2004-12-05 by daniel

another newbie question...

what do people do when they want to display their photos online and in print form? the 
obvious workflow would be to manipulate the image to your liking, save a jpg, then turn 
on softproofing, manipulate further (eg, increasing contrast with curves), and then save a 
second jpg. but this is clearly not optimal. for one thing, it's not clear to me that you 
shouldn't do all your manipulations of the image looking at a softproof for the final print. 
in that case, there's no online version to be saved halfway!

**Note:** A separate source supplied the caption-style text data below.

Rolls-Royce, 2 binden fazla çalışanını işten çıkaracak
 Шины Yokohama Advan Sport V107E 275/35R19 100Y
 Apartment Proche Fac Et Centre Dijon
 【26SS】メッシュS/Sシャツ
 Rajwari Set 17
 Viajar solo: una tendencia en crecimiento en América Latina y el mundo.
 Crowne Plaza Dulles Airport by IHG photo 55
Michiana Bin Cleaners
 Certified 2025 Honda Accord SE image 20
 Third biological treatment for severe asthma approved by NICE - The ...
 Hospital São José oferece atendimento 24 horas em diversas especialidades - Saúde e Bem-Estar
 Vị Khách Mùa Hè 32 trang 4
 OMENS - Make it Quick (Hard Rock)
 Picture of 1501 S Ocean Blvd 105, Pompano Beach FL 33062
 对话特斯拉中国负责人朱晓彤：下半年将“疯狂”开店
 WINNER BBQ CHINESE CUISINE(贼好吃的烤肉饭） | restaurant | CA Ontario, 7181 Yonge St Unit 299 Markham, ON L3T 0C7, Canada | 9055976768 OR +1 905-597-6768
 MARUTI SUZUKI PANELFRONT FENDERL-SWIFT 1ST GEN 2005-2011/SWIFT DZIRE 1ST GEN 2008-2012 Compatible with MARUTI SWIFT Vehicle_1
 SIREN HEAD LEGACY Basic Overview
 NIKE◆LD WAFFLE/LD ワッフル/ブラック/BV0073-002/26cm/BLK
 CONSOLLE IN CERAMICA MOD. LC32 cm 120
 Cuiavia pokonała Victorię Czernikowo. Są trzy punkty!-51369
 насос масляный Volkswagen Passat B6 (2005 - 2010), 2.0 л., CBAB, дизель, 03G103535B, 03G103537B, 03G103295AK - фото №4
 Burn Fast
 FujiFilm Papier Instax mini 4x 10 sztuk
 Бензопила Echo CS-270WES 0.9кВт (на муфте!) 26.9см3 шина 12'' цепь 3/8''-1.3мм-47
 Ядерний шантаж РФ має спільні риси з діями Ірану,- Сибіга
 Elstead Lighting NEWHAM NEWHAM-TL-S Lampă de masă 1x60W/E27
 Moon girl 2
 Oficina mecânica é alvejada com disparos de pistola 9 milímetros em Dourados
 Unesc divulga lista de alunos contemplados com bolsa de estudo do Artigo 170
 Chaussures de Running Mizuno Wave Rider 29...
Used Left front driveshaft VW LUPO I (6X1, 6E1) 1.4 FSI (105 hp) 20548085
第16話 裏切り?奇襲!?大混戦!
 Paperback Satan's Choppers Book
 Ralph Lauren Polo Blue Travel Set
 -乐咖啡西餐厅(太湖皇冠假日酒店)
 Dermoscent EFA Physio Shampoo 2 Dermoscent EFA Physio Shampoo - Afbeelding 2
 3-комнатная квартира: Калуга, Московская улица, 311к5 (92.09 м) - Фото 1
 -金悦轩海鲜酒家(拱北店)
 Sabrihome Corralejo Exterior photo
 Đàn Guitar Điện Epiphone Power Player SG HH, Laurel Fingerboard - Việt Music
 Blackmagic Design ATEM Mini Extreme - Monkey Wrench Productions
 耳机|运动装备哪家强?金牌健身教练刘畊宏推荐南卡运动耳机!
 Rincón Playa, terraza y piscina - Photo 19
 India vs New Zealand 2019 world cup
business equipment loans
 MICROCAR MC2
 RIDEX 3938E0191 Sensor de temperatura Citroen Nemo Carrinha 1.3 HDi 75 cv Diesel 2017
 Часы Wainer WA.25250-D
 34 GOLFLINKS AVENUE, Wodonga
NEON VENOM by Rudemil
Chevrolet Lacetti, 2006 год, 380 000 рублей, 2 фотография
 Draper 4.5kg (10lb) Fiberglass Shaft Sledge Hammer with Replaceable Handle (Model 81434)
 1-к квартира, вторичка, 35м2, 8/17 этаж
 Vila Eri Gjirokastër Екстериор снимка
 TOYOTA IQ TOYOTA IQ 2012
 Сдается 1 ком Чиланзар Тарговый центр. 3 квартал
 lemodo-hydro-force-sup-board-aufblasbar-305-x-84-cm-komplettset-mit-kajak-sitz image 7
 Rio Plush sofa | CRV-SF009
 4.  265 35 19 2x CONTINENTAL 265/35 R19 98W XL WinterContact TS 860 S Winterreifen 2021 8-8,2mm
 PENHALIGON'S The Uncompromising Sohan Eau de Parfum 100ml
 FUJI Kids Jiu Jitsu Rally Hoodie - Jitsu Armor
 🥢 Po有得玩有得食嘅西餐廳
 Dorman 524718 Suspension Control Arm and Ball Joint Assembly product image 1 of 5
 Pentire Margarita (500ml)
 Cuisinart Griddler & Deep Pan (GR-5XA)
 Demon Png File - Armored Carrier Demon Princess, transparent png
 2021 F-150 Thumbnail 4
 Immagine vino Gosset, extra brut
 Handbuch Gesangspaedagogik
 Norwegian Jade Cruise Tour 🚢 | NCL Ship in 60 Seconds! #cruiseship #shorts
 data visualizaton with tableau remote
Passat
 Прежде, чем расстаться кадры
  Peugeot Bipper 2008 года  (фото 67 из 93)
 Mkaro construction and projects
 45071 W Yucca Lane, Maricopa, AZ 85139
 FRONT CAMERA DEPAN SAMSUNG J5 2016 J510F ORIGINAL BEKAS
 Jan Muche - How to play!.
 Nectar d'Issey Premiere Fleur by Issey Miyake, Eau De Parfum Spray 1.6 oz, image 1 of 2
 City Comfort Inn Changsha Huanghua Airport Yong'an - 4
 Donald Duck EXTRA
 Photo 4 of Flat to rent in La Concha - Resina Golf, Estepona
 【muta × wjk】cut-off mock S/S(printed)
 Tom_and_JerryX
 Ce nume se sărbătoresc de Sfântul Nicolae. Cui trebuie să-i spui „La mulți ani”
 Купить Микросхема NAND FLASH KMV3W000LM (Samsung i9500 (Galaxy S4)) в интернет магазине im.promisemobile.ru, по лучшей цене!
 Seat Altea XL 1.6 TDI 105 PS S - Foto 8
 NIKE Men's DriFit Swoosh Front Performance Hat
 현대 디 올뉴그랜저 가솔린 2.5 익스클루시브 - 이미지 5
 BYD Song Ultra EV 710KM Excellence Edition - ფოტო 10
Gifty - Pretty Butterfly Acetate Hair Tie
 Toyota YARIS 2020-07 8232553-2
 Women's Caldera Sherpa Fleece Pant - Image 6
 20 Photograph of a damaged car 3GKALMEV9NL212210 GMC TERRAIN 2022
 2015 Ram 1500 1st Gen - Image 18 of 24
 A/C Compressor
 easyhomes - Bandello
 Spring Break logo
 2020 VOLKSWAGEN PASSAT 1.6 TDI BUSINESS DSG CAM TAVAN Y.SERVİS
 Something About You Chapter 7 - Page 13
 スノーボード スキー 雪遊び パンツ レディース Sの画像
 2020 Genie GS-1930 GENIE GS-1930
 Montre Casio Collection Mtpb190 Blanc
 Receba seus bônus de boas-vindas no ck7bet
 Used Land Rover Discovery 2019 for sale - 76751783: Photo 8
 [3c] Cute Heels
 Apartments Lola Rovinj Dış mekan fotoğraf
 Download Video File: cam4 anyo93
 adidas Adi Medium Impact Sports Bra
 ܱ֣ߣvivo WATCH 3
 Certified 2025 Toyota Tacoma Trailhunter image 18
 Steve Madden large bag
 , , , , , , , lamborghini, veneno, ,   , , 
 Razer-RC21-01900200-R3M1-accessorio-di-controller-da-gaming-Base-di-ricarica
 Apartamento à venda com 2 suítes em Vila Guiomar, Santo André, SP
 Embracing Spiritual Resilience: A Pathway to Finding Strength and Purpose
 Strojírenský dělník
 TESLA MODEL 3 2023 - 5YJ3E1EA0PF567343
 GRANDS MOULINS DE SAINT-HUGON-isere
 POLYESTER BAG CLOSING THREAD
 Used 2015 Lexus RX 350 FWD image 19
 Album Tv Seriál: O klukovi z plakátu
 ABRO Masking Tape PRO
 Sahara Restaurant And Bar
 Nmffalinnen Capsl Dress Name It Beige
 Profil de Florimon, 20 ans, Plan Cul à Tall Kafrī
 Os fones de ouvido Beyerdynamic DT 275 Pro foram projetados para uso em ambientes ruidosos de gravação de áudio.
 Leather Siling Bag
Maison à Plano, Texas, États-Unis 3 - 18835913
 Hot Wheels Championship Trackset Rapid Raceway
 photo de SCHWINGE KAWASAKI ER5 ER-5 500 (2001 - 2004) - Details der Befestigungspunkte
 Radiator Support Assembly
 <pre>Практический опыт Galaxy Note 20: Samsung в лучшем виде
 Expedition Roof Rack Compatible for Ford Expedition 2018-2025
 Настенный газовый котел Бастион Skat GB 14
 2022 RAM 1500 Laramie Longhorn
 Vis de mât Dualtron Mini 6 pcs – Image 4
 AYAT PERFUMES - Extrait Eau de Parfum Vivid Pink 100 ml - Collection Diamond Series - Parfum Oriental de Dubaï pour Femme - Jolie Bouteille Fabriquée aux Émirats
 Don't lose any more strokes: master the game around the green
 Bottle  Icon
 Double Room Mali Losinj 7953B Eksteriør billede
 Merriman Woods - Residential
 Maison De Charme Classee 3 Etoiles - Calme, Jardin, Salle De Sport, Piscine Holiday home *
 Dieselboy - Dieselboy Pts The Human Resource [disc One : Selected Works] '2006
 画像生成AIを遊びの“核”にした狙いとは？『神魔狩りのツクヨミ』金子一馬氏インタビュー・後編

is there some way to have photoshop save a jpg of the image so that viewed online it will 
have the same appearance as a softproofed version?

i suppose you could scan the print back in. if the online image is for selling a print, that 
would be the honest thing to do, i suppose. but if you view the online version as an 
artifact in its own right, you surely wouldn't want the information loss that would entail.

/daniel

RE: [Digital BW] online and print versions?

2004-12-05 by Paul D. DeRocco

> From: daniel [mailto:dnj@...]
>
> is there some way to have photoshop save a jpg of the image so
> that viewed online it will
> have the same appearance as a softproofed version?

You really have no control over how an image appears online, because
practically everyone will be viewing it in a non-color-managed program like
Internet Explorer. About the best you can do is to convert to sRGB, since
that's intended to be a good approximation of a "typical" display.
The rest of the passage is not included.